Eggs in a carton
Akmal Rusli recently ‘gave birth’ to what looked like two fully grown poultry eggs at a local hospital - Representational Image Getty

A 14-year-old Indonesian boy on Tuesday (20 February) became the talk of the town after he claimed that he could lay eggs.

Akmal Rusli, from Kabupaten Gowa, a district in the South Sulawesi province recently "laid" what looked like two fully grown chicken eggs at a local hospital.

The hospital had taken several x-rays in which two eggs could be seen nestled in the boy's lower abdomen, Asian Correspondent website reported.

"The latest occurrence happened at about 11 am when he laid another egg," his father, Rusli said.

According to Akmal's father, the boy had started complaining about stomach pain earlier in the day and he was taken to the Syech Yusuf Sungguminasa hospital.

The doctors then scanned his body and removed the "eggs" with intact shells through his anus.

However, according to Akmal, this was not the first time he laid "eggs", the website reported. He said that over the last two years, he has had about 18 eggs removed from his rectum.

The father said, "I cracked the first egg, and its content was all yellow, no white. A month later I cracked another one, and its content was all white and no yellow".

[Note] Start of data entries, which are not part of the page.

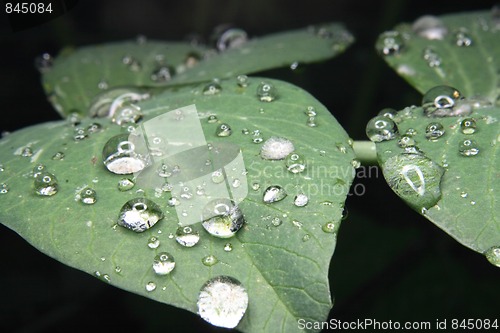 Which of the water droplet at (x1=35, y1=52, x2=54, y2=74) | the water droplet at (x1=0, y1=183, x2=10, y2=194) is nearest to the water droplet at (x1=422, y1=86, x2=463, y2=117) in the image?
the water droplet at (x1=0, y1=183, x2=10, y2=194)

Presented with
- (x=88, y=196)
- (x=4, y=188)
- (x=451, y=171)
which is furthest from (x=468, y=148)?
(x=4, y=188)

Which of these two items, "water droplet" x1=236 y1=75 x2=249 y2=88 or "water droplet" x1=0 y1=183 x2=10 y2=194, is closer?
"water droplet" x1=0 y1=183 x2=10 y2=194

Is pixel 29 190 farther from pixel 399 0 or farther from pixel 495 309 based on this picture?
pixel 399 0

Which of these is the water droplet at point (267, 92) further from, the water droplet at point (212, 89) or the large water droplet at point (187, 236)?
the large water droplet at point (187, 236)

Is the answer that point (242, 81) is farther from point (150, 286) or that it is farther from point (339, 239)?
point (339, 239)

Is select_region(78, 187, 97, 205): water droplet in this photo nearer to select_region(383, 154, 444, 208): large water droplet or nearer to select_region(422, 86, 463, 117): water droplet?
select_region(383, 154, 444, 208): large water droplet

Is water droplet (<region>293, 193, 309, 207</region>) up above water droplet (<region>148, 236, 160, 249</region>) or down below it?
above

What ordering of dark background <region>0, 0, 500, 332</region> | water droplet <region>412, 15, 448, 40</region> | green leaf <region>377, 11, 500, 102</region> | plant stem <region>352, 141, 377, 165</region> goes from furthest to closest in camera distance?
dark background <region>0, 0, 500, 332</region>
water droplet <region>412, 15, 448, 40</region>
green leaf <region>377, 11, 500, 102</region>
plant stem <region>352, 141, 377, 165</region>

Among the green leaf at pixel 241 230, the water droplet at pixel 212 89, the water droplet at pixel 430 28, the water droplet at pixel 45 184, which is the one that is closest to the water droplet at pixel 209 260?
the green leaf at pixel 241 230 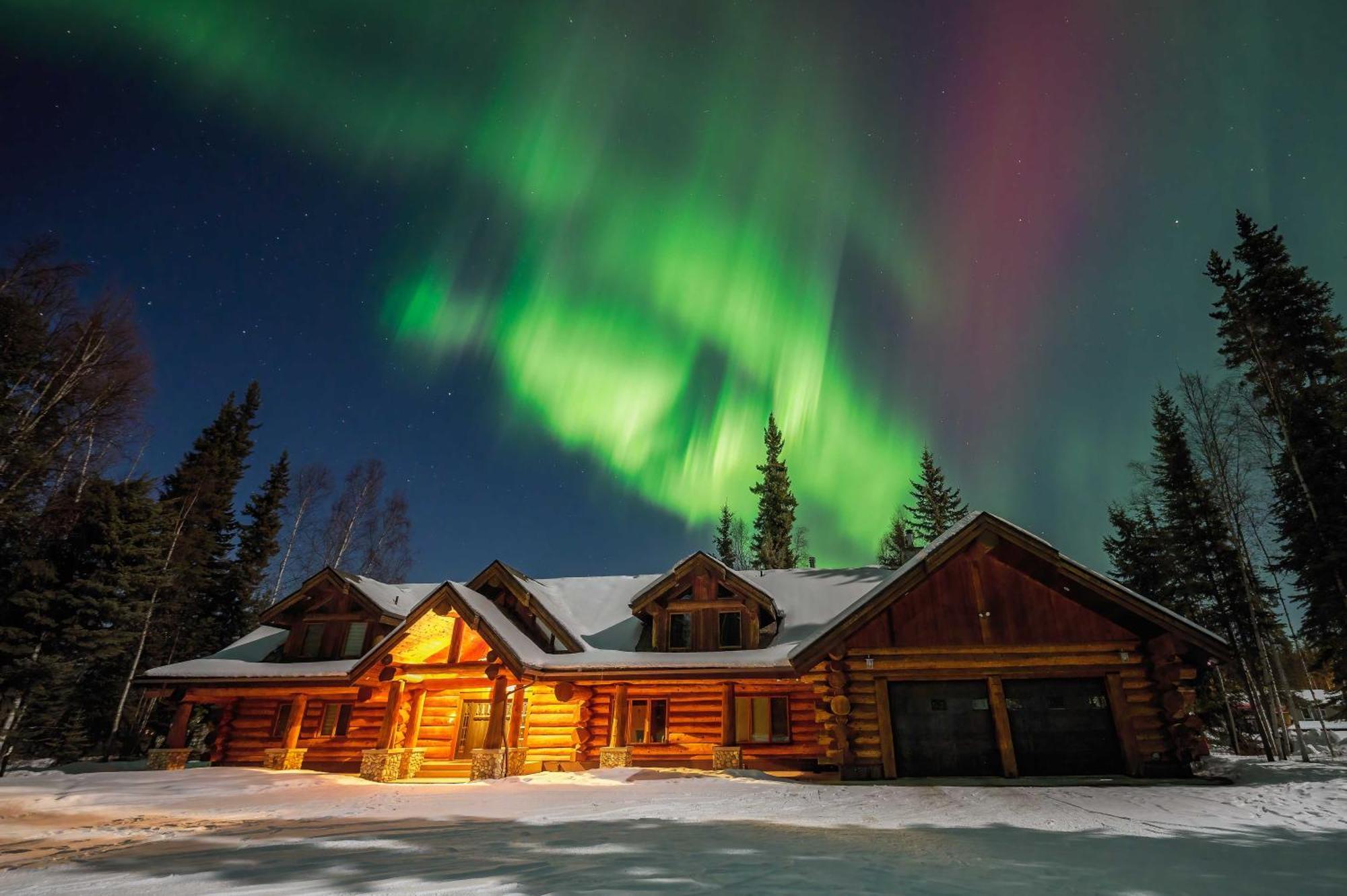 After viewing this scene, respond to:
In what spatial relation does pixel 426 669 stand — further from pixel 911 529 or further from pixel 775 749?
pixel 911 529

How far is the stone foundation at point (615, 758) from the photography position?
59.5 feet

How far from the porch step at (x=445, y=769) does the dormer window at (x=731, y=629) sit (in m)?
8.92

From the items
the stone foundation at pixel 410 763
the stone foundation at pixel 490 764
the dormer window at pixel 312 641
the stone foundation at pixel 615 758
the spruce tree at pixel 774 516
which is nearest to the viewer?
the stone foundation at pixel 490 764

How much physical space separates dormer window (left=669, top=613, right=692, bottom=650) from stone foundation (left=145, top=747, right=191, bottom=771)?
1669 centimetres

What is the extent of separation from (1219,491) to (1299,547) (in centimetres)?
302

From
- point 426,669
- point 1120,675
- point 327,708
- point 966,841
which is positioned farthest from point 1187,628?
point 327,708

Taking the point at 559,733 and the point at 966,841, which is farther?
the point at 559,733

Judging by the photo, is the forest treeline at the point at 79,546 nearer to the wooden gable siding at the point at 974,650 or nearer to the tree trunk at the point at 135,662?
the tree trunk at the point at 135,662

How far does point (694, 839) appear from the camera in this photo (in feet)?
24.3

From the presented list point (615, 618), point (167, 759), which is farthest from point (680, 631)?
point (167, 759)

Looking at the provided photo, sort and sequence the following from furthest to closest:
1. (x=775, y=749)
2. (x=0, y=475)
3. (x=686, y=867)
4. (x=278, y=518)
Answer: (x=278, y=518) → (x=0, y=475) → (x=775, y=749) → (x=686, y=867)

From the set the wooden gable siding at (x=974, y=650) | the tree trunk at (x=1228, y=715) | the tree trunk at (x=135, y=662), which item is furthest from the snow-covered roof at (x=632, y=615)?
the tree trunk at (x=1228, y=715)

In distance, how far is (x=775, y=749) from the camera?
1864 centimetres

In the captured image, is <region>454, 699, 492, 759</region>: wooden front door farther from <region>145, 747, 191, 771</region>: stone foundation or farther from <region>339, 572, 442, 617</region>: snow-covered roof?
<region>145, 747, 191, 771</region>: stone foundation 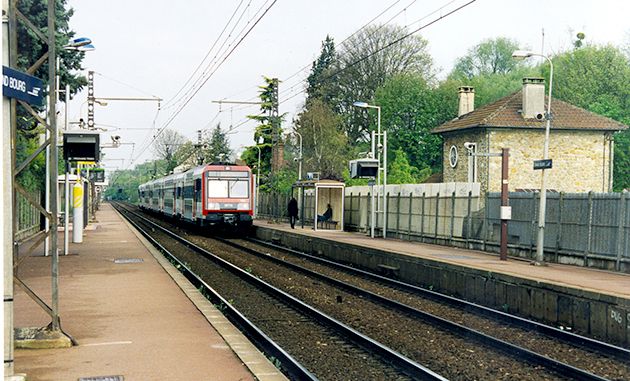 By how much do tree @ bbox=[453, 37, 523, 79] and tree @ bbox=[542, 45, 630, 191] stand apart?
13047 mm

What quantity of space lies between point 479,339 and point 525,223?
12621 millimetres

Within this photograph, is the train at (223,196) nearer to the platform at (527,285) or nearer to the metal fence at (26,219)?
the metal fence at (26,219)

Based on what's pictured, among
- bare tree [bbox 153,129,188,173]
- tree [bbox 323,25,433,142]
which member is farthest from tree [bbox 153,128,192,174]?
tree [bbox 323,25,433,142]

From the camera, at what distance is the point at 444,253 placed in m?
24.9

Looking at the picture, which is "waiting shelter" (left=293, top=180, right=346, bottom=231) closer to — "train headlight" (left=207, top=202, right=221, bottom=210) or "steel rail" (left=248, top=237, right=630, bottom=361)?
"train headlight" (left=207, top=202, right=221, bottom=210)

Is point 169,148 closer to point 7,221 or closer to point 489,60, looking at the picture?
point 489,60

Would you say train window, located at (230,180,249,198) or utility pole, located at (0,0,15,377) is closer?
utility pole, located at (0,0,15,377)

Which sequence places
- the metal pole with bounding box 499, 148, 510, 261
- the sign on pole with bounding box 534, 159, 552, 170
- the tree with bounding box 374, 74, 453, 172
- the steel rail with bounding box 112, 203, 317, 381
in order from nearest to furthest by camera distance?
the steel rail with bounding box 112, 203, 317, 381
the sign on pole with bounding box 534, 159, 552, 170
the metal pole with bounding box 499, 148, 510, 261
the tree with bounding box 374, 74, 453, 172

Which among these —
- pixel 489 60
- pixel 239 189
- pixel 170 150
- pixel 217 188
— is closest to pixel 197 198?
pixel 217 188

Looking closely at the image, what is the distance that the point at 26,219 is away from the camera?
108ft

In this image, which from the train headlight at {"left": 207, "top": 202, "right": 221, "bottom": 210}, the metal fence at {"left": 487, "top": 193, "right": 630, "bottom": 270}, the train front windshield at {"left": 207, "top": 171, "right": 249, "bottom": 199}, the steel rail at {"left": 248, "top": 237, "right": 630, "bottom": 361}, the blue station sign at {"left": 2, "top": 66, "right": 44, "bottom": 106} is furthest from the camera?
the train front windshield at {"left": 207, "top": 171, "right": 249, "bottom": 199}

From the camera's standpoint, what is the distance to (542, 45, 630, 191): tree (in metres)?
58.9

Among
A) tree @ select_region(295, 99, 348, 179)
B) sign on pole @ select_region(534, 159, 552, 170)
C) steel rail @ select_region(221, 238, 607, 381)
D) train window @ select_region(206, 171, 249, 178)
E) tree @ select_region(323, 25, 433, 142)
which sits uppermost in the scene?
tree @ select_region(323, 25, 433, 142)

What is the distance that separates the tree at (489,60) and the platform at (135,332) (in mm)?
64145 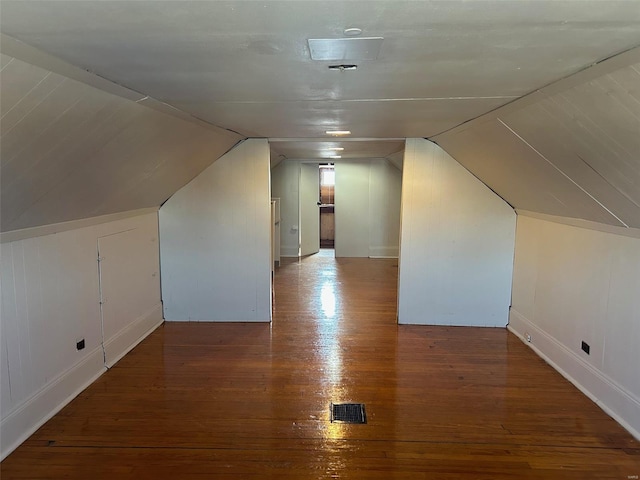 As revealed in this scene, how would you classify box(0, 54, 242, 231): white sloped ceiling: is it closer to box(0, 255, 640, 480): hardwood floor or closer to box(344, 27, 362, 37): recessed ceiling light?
box(344, 27, 362, 37): recessed ceiling light

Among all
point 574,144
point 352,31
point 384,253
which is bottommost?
point 384,253

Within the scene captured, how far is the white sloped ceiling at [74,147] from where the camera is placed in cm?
175

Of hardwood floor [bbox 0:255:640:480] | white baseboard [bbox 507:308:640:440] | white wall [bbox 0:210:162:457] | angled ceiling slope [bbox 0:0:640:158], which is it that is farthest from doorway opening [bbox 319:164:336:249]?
angled ceiling slope [bbox 0:0:640:158]

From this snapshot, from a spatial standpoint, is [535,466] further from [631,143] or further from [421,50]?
[421,50]

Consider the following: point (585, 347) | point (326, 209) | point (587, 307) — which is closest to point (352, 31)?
point (587, 307)

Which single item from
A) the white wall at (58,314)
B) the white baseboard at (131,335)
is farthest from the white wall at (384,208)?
the white wall at (58,314)

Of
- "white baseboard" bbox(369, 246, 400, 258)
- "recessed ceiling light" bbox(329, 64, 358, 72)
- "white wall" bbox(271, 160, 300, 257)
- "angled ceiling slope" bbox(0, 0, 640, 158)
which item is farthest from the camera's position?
"white baseboard" bbox(369, 246, 400, 258)

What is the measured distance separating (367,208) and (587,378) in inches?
231

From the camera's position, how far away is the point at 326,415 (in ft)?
9.43

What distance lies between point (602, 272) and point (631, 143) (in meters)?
1.38

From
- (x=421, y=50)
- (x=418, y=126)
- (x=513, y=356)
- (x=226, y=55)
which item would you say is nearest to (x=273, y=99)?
(x=226, y=55)

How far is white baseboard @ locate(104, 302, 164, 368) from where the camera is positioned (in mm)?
3621

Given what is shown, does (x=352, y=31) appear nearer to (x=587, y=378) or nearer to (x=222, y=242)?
(x=587, y=378)

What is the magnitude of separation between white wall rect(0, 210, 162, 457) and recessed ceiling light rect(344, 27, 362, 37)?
7.47ft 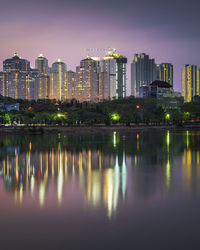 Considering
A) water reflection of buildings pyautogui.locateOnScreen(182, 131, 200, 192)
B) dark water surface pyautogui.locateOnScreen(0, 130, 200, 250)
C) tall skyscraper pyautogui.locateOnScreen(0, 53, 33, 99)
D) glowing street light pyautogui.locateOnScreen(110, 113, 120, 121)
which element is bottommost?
dark water surface pyautogui.locateOnScreen(0, 130, 200, 250)

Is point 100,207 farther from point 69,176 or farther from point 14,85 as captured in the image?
point 14,85

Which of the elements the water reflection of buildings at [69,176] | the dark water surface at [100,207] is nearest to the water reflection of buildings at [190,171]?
the dark water surface at [100,207]

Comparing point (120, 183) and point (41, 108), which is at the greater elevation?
point (41, 108)

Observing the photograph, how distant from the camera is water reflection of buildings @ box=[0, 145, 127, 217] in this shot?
11531 millimetres

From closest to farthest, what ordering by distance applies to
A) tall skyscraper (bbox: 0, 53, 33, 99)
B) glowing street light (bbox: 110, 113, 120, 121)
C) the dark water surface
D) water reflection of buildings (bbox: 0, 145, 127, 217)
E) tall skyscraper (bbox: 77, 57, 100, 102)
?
the dark water surface, water reflection of buildings (bbox: 0, 145, 127, 217), glowing street light (bbox: 110, 113, 120, 121), tall skyscraper (bbox: 0, 53, 33, 99), tall skyscraper (bbox: 77, 57, 100, 102)

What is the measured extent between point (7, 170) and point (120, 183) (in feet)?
21.7

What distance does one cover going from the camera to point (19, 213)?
9.65 m

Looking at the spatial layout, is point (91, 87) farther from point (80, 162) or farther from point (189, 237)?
point (189, 237)

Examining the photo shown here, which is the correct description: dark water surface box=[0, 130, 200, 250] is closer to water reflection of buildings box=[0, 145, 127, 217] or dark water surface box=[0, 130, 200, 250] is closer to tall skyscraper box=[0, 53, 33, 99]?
water reflection of buildings box=[0, 145, 127, 217]

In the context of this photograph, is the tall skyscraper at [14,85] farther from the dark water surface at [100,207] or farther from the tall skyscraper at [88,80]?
the dark water surface at [100,207]

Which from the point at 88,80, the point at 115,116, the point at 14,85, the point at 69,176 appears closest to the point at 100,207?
the point at 69,176

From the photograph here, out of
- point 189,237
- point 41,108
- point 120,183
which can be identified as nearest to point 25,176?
point 120,183

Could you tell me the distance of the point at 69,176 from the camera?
15266 mm

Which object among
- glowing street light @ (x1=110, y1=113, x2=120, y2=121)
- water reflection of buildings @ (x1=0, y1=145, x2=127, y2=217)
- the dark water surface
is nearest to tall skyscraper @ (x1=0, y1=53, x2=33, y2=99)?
glowing street light @ (x1=110, y1=113, x2=120, y2=121)
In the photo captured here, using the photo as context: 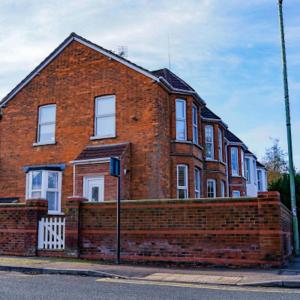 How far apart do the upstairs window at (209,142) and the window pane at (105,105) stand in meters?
6.70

According to doctors, this health condition is called "corpus alienum", or the presence of foreign objects in a human body. The condition is apparently not so rare in Indonesia.

Doctors have removed both organic and non-organic items such as eggs, needles, forks and all sorts of other material from patients' body.

Muhammad Taslim, a spokesman for the hospital, said: "Our suspicion is that the eggs were deliberately shoved [into Akmal's rectum]. But we did not see it directly."

"Scientifically [chicken] eggs cannot form inside the human body. It's impossible, especially in the digestive system," he added.

IBTimes UK could not independently verify the authenticity of the news.

This is also not the first time someone has claimed that they can lay eggs. In 2014, Kakek Sinin from Jakarta had claimed that he could lay eggs.

However, some medical professionals who conducted tests, discovered that the eggs belonged to chickens.

"We checked [the eggs] at a veterinarian in Bogor. The eggs were two-week old chicken eggs," Head of the Jakarta Health Agency Dien Emmawati said according to Coconuts Jakarta.

"The eggs were about to hatch, we checked [Kakek Sinin] but there were no signs of abrasion on his anus, which would've come about if he was laying eggs," Dien added.